[REQUIRED ACTION]
The records below are to be returned word for word, with pictures left out.

[GIVEN RECORDS]
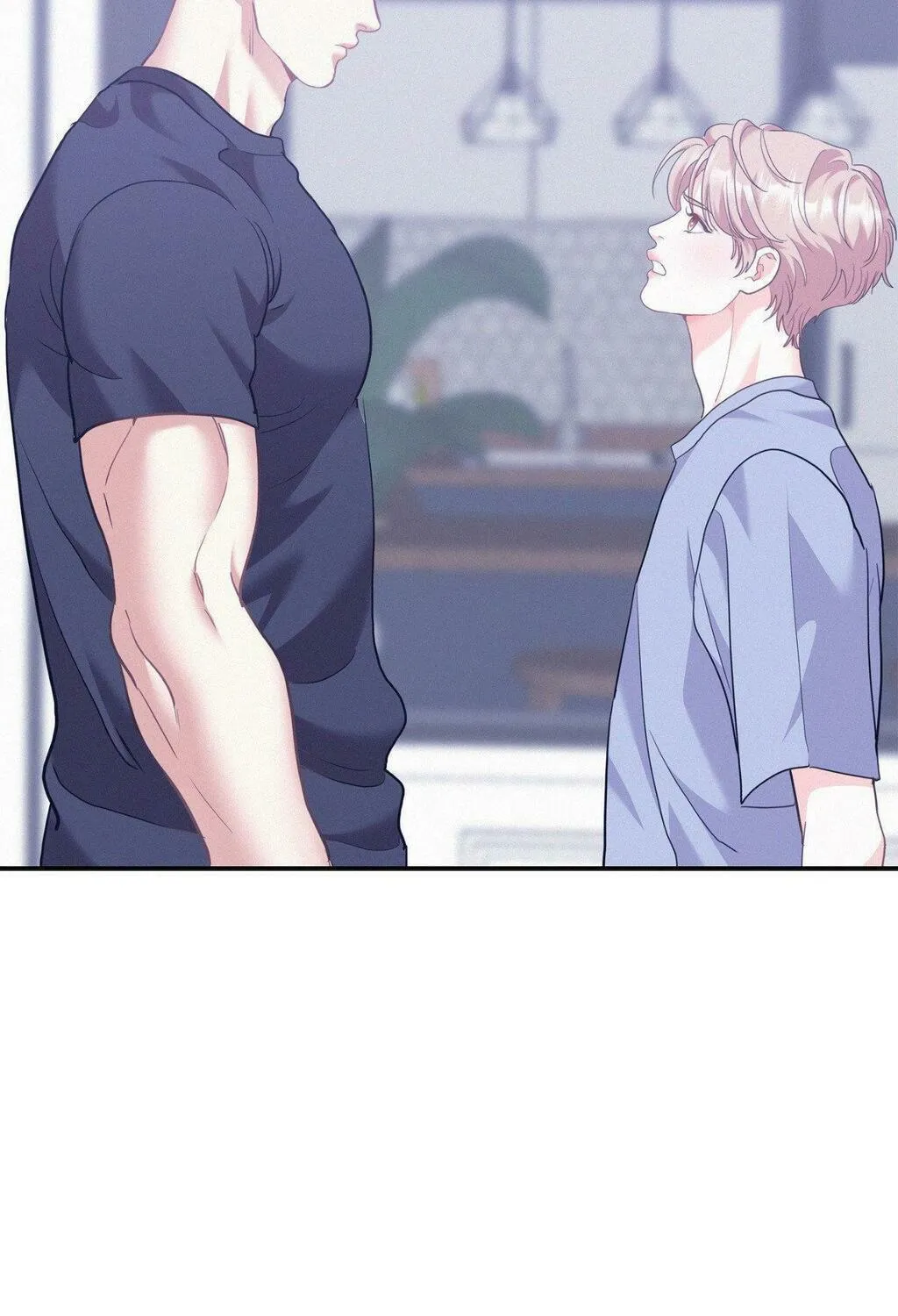 Read Onward chapter 91 image 96 on Lezhin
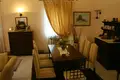 4 bedroom Villa 270 m² Municipality of Central Corfu and Diapontia Islands, Greece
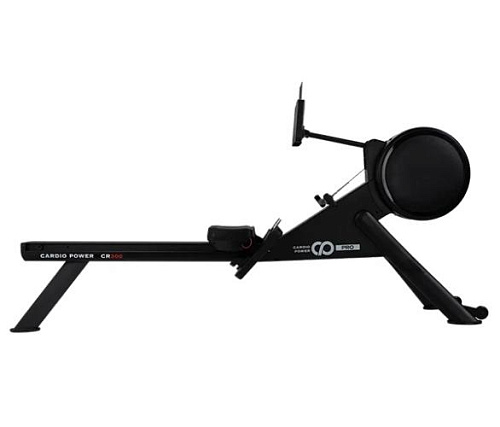 Гребной тренажер Cardiopower PRO CR300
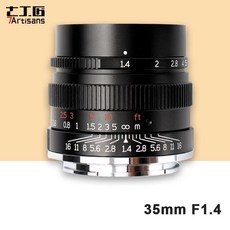6b4c3f66690011e937410485ea5df0feb3575bf48da53bd196dd74299b7d.png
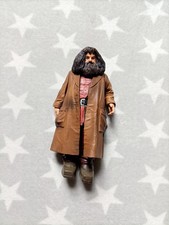 2001 Harry Potter Hagrid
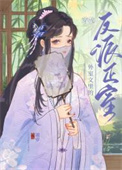 穿书成外室的小说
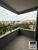 Apartamento, 2 quartos, 70 m² - Foto 12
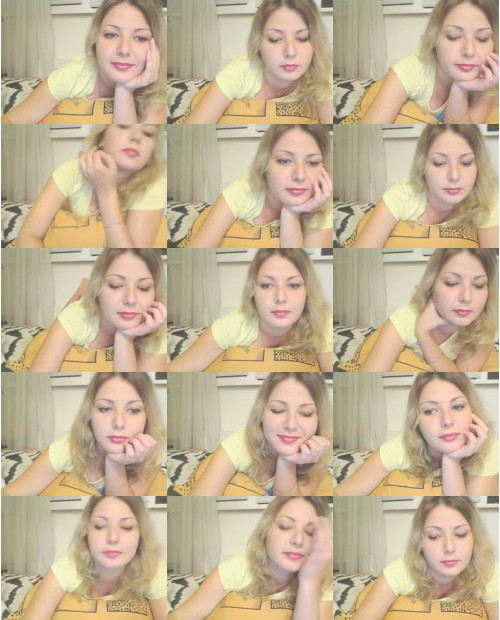 Download Video File: myfreecams chief teaser
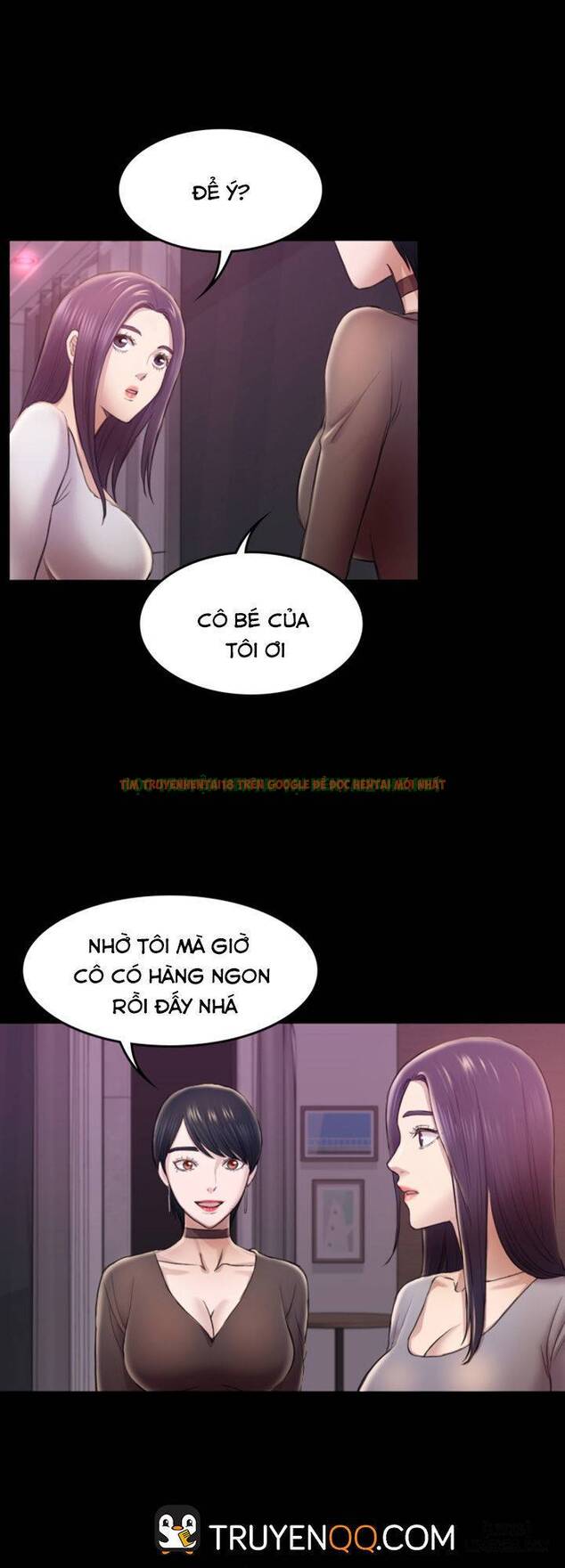 Xem ảnh 45 trong truyện hentai Anh Có Thể Giúp Em Không - Chapter 33 - www.hentaitvn.net
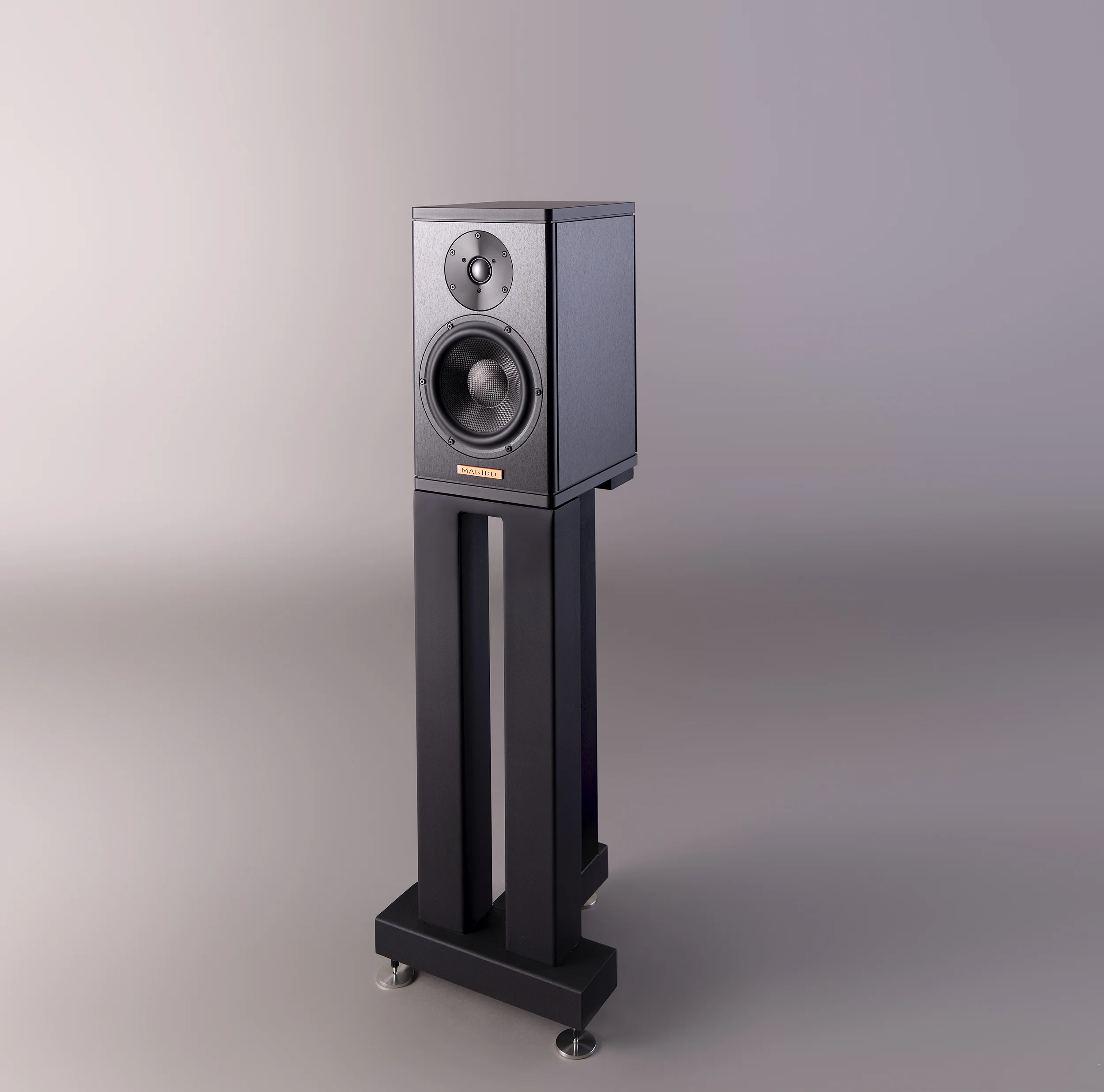 magico q1 price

[SOLUTION]
 Read Onward chapter 91 image 96 on Lezhin
 4 bedroom Villa 270 m² Municipality of Central Corfu and Diapontia Islands, Greece
 Гребной тренажер Cardiopower PRO CR300
6b4c3f66690011e937410485ea5df0feb3575bf48da53bd196dd74299b7d.png
 2001 Harry Potter Hagrid
 穿书成外室的小说
 Apartamento, 2 quartos, 70 m² - Foto 12
 Download Video File: myfreecams chief teaser
 Xem ảnh 45 trong truyện hentai Anh Có Thể Giúp Em Không - Chapter 33 - www.hentaitvn.net
 magico q1 price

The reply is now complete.